Die Repulsorlifts schienen jedoch voll funktionstüchtig zu sein. Unter der Anleitung von Vestara und seinem Sohn brachte er das Shuttle runter, bis er nur wenige Meter unter dem Bug gelegentlich kristallverzierte, hügelige Kämme ausmachen konnte. Auf Sicht und mit Sensormeldungen bremste er ihre Fähre ab und ging bis auf weniger als fünf Meter runter. Eine Minute später schwirrte das Shuttle einem Landgleiter gleich dahin – die Repulsoren hielten es über dem Boden, während der zunehmend störrischere Ionenantrieb ihnen den nötigen Heckschub lieferte.
»Snaplaunce wird durchdrehen, Dad.«
»Wir lassen das Shuttle wieder für ihn flottmachen. Vorausgesetzt, dass er nicht selbst hinter dieser Sache steckt.«
»Häh?«
Vestara klang schnippisch. »Denk doch mal nach, Ben! Der Bürgermeister hat uns von sich aus sein Shuttle zur Verfügung gestellt, und er kannte unser Ziel.

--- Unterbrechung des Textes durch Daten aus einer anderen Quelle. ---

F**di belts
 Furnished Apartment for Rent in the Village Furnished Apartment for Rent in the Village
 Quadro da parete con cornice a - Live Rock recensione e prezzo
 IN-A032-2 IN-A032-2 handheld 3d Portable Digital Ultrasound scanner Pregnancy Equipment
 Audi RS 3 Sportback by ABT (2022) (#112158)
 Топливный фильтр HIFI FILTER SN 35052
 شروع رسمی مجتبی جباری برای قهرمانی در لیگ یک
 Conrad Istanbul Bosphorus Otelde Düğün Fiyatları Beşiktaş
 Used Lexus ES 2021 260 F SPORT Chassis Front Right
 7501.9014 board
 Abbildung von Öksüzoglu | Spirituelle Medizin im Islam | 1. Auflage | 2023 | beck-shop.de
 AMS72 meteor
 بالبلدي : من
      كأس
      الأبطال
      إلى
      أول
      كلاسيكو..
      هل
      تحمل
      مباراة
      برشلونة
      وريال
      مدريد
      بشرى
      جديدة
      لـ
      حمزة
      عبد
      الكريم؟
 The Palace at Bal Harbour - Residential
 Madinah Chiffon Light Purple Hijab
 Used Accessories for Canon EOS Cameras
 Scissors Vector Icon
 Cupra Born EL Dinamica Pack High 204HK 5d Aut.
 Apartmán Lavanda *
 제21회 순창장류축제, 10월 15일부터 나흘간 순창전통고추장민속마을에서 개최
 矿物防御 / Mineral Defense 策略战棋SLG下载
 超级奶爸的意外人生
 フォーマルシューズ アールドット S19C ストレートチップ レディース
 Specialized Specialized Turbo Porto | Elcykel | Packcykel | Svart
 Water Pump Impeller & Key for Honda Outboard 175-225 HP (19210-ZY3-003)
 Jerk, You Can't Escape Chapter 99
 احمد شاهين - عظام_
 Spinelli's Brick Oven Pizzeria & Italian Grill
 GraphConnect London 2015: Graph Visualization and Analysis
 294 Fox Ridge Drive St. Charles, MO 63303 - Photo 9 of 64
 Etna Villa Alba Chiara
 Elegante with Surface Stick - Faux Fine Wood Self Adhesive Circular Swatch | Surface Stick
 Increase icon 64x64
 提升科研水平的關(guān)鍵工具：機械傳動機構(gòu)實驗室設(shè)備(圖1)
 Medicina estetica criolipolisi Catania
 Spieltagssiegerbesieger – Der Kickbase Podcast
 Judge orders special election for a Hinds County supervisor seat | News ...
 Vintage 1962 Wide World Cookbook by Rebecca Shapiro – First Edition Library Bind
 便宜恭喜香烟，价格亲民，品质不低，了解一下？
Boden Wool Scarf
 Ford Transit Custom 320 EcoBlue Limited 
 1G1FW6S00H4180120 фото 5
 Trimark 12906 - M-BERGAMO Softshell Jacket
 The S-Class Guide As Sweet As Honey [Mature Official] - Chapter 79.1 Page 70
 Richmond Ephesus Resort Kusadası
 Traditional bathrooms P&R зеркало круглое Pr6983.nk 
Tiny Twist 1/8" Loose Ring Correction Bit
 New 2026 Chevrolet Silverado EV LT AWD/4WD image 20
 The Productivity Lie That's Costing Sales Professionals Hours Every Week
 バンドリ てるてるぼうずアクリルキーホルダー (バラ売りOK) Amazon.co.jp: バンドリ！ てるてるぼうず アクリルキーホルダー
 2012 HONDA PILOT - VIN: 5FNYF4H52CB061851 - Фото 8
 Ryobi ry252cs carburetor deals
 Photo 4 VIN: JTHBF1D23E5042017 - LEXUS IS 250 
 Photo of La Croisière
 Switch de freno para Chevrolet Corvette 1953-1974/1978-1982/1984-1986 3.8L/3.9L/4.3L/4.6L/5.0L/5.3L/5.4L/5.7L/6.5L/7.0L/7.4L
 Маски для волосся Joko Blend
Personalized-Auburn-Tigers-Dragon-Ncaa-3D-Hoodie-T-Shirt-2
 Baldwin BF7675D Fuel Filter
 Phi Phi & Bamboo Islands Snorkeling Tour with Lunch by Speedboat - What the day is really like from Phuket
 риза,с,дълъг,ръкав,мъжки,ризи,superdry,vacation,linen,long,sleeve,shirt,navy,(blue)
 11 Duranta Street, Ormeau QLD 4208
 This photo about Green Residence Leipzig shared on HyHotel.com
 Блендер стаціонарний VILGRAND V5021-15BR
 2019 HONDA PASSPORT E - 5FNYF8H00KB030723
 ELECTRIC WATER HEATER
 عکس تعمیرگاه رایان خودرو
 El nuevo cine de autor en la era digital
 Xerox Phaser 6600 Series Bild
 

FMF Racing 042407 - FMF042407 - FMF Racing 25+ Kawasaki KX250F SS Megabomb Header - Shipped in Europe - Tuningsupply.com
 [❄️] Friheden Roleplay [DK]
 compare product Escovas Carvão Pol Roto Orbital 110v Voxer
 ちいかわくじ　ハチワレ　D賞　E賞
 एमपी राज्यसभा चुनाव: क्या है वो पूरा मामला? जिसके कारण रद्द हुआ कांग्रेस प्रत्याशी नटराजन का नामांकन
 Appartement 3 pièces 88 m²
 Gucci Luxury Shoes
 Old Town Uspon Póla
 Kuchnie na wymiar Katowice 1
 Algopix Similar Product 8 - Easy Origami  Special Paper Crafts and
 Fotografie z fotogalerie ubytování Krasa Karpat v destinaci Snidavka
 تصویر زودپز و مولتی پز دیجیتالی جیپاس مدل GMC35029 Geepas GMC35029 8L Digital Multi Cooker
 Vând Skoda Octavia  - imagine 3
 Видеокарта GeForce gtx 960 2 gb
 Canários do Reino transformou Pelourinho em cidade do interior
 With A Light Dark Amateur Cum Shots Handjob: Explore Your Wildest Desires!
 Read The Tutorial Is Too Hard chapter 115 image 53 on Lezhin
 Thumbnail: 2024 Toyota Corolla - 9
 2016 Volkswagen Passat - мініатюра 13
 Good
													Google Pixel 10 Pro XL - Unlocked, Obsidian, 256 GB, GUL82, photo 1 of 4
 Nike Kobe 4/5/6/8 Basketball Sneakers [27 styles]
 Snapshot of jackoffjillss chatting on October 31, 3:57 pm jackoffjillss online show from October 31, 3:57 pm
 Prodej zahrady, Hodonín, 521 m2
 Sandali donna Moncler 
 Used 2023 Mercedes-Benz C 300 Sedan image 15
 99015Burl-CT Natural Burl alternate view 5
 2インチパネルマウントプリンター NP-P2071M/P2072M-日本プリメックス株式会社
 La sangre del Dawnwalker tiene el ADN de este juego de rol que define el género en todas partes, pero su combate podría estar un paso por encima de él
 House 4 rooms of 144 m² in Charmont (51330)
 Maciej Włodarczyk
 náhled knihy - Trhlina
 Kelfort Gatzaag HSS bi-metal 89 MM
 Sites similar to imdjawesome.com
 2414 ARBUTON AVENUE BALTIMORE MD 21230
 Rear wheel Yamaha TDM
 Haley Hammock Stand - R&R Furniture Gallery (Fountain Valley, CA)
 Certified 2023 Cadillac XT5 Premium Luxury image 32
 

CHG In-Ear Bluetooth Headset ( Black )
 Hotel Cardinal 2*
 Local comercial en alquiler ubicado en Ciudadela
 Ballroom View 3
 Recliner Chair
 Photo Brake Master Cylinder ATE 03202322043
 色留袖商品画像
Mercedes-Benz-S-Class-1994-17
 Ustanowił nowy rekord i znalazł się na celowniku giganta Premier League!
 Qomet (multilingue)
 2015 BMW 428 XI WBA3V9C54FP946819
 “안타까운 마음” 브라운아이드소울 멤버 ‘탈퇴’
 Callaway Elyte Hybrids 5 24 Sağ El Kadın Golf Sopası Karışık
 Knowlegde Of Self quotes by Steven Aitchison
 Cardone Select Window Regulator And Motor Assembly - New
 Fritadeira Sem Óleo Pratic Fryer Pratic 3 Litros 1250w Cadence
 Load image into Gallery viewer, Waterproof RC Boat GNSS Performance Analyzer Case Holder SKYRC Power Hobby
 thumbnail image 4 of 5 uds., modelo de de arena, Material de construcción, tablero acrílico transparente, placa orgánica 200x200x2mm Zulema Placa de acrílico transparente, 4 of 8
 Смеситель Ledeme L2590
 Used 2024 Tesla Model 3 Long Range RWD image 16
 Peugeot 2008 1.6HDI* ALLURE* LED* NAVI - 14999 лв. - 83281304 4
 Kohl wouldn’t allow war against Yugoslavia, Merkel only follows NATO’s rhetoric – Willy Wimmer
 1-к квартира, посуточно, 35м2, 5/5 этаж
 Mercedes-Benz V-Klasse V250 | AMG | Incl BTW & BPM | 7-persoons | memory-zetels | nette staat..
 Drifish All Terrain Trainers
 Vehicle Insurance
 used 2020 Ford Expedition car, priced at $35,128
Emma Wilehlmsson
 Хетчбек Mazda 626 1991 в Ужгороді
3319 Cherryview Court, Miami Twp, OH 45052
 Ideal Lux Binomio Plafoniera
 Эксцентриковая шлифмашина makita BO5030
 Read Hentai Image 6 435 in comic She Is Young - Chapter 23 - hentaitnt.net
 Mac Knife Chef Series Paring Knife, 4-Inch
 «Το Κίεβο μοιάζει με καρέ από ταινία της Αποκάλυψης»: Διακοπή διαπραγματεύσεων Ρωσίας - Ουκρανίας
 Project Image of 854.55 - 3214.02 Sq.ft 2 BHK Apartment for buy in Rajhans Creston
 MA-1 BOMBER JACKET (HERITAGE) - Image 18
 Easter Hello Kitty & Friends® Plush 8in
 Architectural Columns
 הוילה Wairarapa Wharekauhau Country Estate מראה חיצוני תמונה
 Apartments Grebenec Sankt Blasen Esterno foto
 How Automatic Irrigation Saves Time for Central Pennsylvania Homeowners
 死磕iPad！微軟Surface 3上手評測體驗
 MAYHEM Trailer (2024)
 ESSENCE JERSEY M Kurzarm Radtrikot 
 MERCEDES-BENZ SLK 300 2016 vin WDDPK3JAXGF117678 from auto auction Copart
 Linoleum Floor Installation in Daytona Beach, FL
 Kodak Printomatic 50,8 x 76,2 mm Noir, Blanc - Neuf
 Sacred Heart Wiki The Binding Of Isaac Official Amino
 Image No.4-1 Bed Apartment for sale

Die Systeme sind ausgefallen – lag das daran, dass sie überlastet waren? Oder wurden sie sabotiert?«
»Keine Ahnung.«
»Ich weiß es auch nicht, aber dein Vater hat recht. Falls Snaplaunce versucht hat, uns umzubringen, werden wir nicht für seine Reparaturen aufkommen.«
Luke schnaubte amüsiert.
Die Triebwerke wurden stetig schwächer, und als sie ihre Reise zu dem alten Felselfenbein-Aufbereitungslager fortsetzten, fiel das rechte schließlich ganz aus.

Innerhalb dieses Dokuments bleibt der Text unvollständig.